- [Task goal]:
Line for line, return the data exactly, omitting all pictures.

- [Data section]:
<<<<
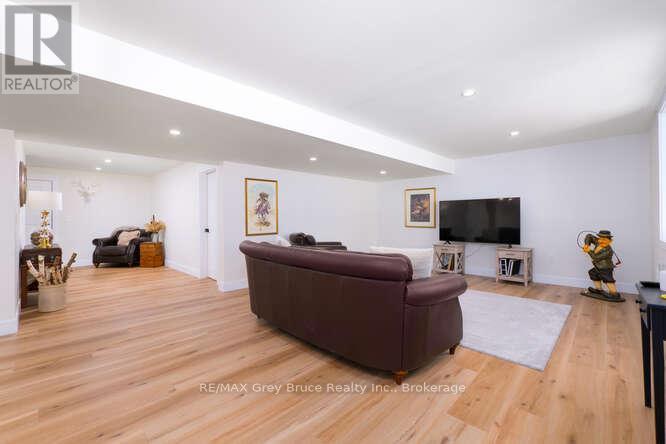 24 Phillips Place, South Bruce Peninsula, Ontario  N0H 2T0 - Photo 41 - X12353771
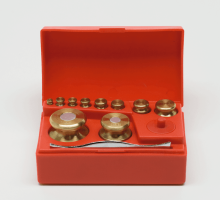 Utezi od 1 g do 200 g, 10 komada, u koferu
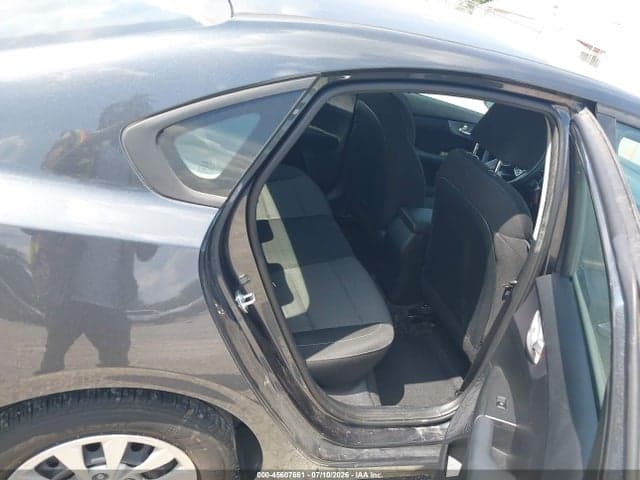 2024 KIA FORTE LX 8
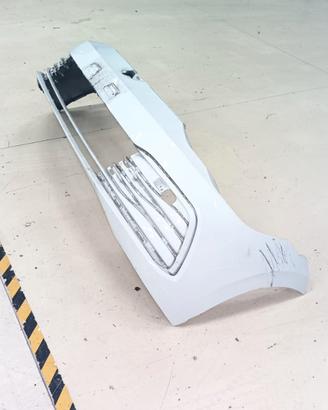 PARAURTO ANTERIORE GOLF 8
>>>>
- [Output below]:
 24 Phillips Place, South Bruce Peninsula, Ontario  N0H 2T0 - Photo 41 - X12353771
 Utezi od 1 g do 200 g, 10 komada, u koferu
 2024 KIA FORTE LX 8
 PARAURTO ANTERIORE GOLF 8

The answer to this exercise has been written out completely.